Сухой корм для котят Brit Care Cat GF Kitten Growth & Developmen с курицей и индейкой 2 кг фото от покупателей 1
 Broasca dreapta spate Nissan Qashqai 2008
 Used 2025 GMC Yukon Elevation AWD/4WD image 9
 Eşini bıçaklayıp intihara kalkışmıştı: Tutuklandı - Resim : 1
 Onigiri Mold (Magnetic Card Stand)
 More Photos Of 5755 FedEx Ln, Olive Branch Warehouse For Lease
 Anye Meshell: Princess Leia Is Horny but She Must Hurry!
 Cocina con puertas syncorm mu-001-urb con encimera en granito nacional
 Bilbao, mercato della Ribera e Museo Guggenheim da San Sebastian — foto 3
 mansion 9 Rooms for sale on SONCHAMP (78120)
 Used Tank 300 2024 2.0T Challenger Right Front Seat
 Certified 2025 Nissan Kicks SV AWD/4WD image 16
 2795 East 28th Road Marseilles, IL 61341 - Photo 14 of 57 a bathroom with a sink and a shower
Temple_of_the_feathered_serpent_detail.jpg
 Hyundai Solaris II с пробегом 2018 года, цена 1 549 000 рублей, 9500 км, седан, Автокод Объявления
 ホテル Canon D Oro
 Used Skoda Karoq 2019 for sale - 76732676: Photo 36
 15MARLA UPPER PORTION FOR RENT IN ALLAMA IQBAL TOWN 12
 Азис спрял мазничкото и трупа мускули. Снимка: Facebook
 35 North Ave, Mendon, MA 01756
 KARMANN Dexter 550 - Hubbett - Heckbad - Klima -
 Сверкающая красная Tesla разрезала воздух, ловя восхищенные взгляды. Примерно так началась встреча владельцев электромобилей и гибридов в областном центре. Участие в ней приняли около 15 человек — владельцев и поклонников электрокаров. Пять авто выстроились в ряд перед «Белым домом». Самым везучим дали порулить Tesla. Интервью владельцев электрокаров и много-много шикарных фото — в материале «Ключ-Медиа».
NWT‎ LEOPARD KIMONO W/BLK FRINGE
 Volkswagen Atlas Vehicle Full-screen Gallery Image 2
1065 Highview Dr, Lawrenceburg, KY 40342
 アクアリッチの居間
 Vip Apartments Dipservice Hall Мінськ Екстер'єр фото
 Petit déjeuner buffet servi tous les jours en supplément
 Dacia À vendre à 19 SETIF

^^^^^^^^^^^^^^^^

Aim of the task: Exact copies of every record are required.

Exercise result:
Сухой корм для котят Brit Care Cat GF Kitten Growth & Developmen с курицей и индейкой 2 кг фото от покупателей 1
 Broasca dreapta spate Nissan Qashqai 2008
 Used 2025 GMC Yukon Elevation AWD/4WD image 9
 Eşini bıçaklayıp intihara kalkışmıştı: Tutuklandı - Resim : 1
 Onigiri Mold (Magnetic Card Stand)
 More Photos Of 5755 FedEx Ln, Olive Branch Warehouse For Lease
 Anye Meshell: Princess Leia Is Horny but She Must Hurry!
 Cocina con puertas syncorm mu-001-urb con encimera en granito nacional
 Bilbao, mercato della Ribera e Museo Guggenheim da San Sebastian — foto 3
 mansion 9 Rooms for sale on SONCHAMP (78120)
 Used Tank 300 2024 2.0T Challenger Right Front Seat
 Certified 2025 Nissan Kicks SV AWD/4WD image 16
 2795 East 28th Road Marseilles, IL 61341 - Photo 14 of 57 a bathroom with a sink and a shower
Temple_of_the_feathered_serpent_detail.jpg
 Hyundai Solaris II с пробегом 2018 года, цена 1 549 000 рублей, 9500 км, седан, Автокод Объявления
 ホテル Canon D Oro
 Used Skoda Karoq 2019 for sale - 76732676: Photo 36
 15MARLA UPPER PORTION FOR RENT IN ALLAMA IQBAL TOWN 12
 Азис спрял мазничкото и трупа мускули. Снимка: Facebook
 35 North Ave, Mendon, MA 01756
 KARMANN Dexter 550 - Hubbett - Heckbad - Klima -
 Сверкающая красная Tesla разрезала воздух, ловя восхищенные взгляды. Примерно так началась встреча владельцев электромобилей и гибридов в областном центре. Участие в ней приняли около 15 человек — владельцев и поклонников электрокаров. Пять авто выстроились в ряд перед «Белым домом». Самым везучим дали порулить Tesla. Интервью владельцев электрокаров и много-много шикарных фото — в материале «Ключ-Медиа».
NWT‎ LEOPARD KIMONO W/BLK FRINGE
 Volkswagen Atlas Vehicle Full-screen Gallery Image 2
1065 Highview Dr, Lawrenceburg, KY 40342
 アクアリッチの居間
 Vip Apartments Dipservice Hall Мінськ Екстер'єр фото
 Petit déjeuner buffet servi tous les jours en supplément
 Dacia À vendre à 19 SETIF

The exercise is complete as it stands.